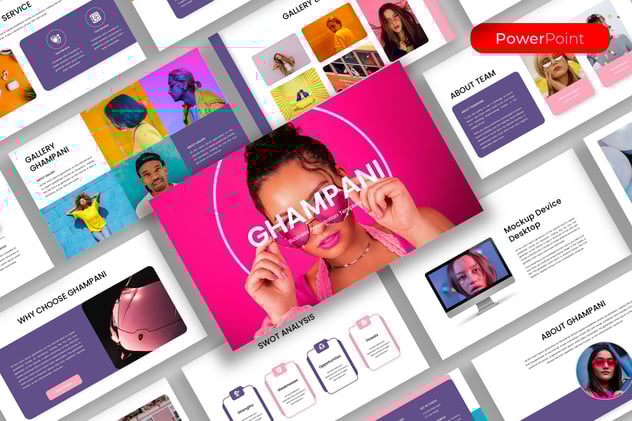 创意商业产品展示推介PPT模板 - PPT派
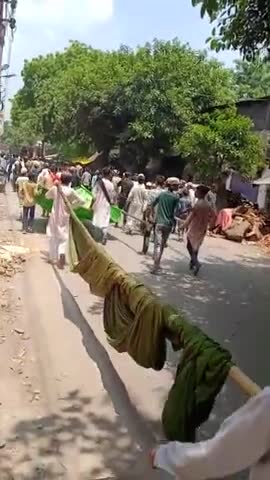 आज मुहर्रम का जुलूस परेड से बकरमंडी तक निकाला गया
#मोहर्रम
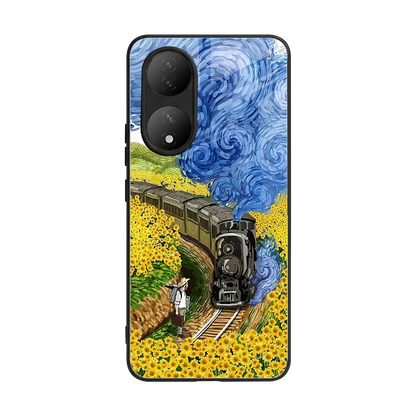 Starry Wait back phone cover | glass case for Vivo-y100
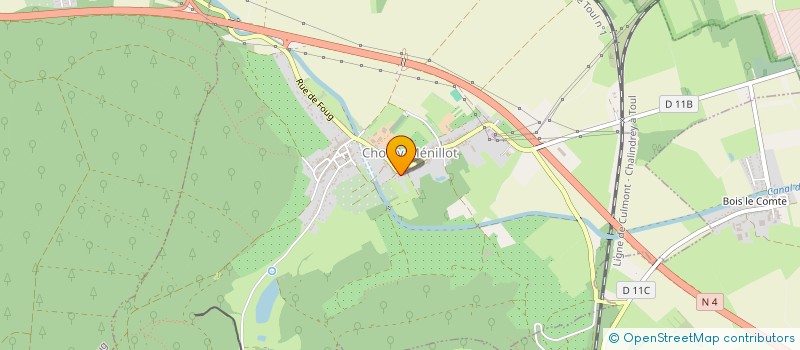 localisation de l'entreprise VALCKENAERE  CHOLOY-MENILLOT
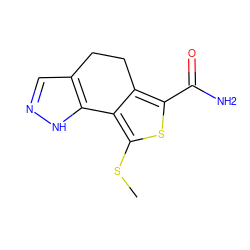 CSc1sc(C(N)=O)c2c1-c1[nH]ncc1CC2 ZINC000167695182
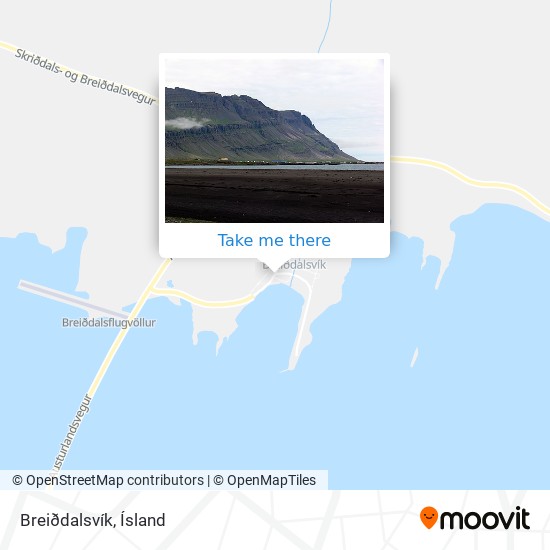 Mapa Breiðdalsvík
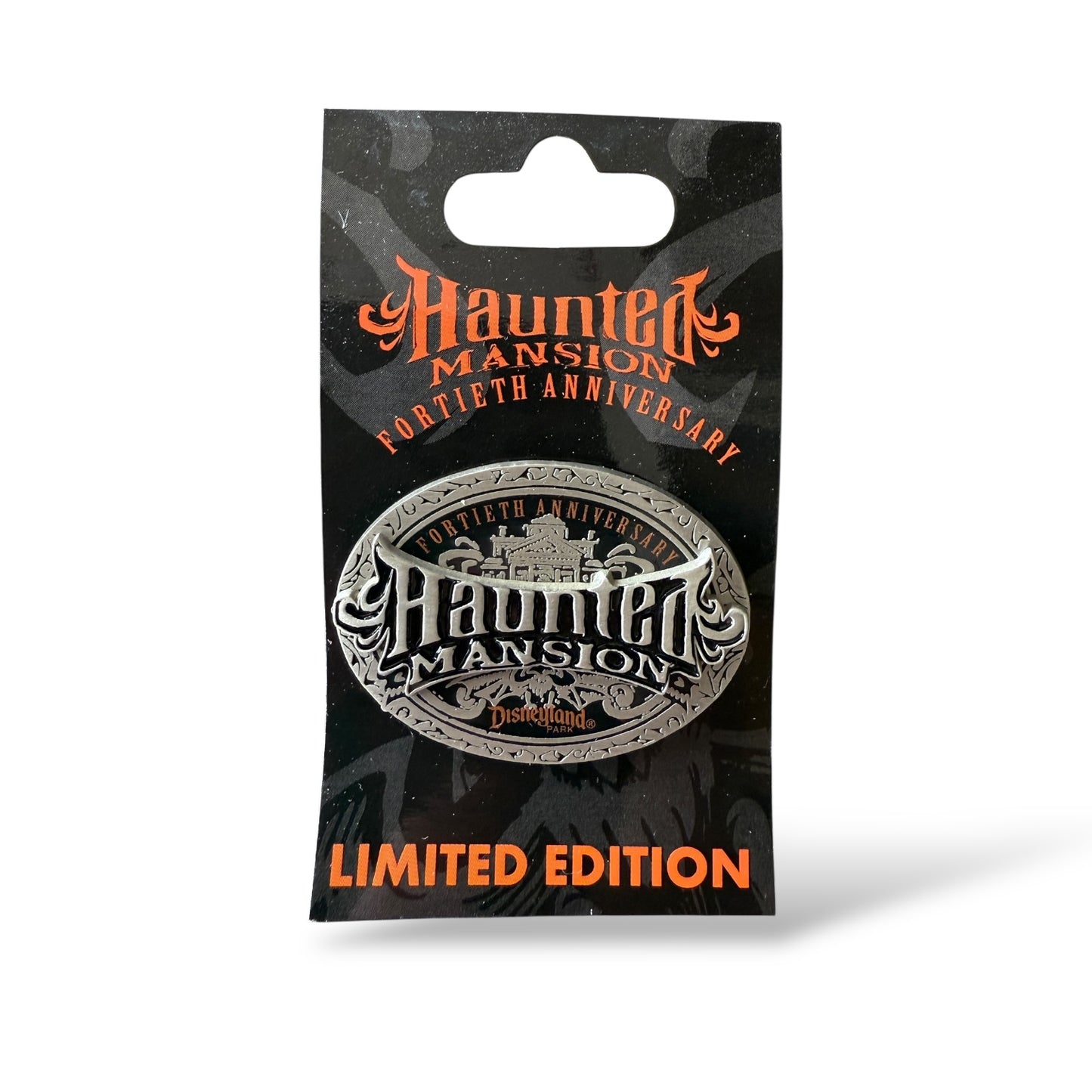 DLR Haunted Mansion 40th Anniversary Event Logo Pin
^^^^^^^^
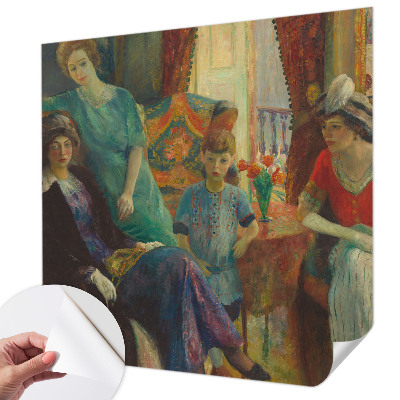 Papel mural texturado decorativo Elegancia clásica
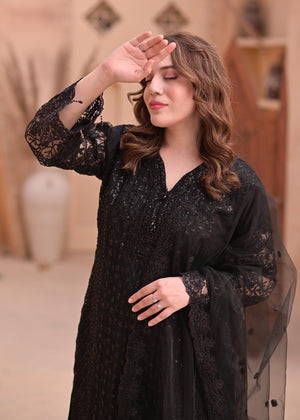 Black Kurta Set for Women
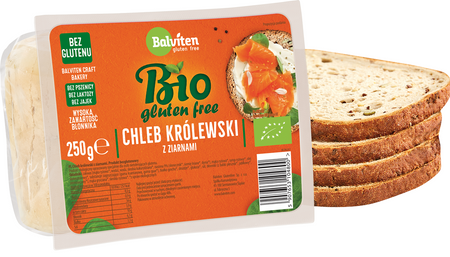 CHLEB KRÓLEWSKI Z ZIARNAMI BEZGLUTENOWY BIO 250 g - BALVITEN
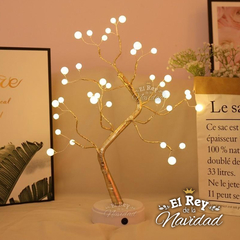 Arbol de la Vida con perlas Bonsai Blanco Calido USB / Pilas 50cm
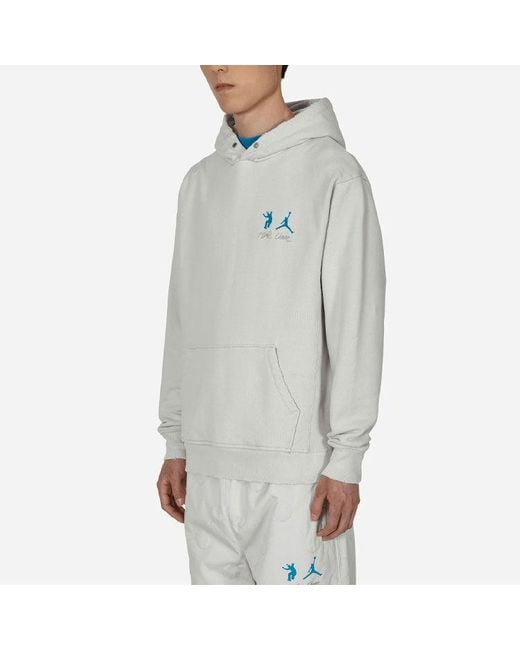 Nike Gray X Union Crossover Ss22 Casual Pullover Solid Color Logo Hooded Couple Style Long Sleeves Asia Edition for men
^^^^^^^^
**What to work on**
All that should be printed is the run of lines above from the one with "Mapa Breiðdalsvík" through the one with "DLR Haunted Mansion", both included, exactly as given, with pictures left out.

**Written solution**
 Mapa Breiðdalsvík
 DLR Haunted Mansion 40th Anniversary Event Logo Pin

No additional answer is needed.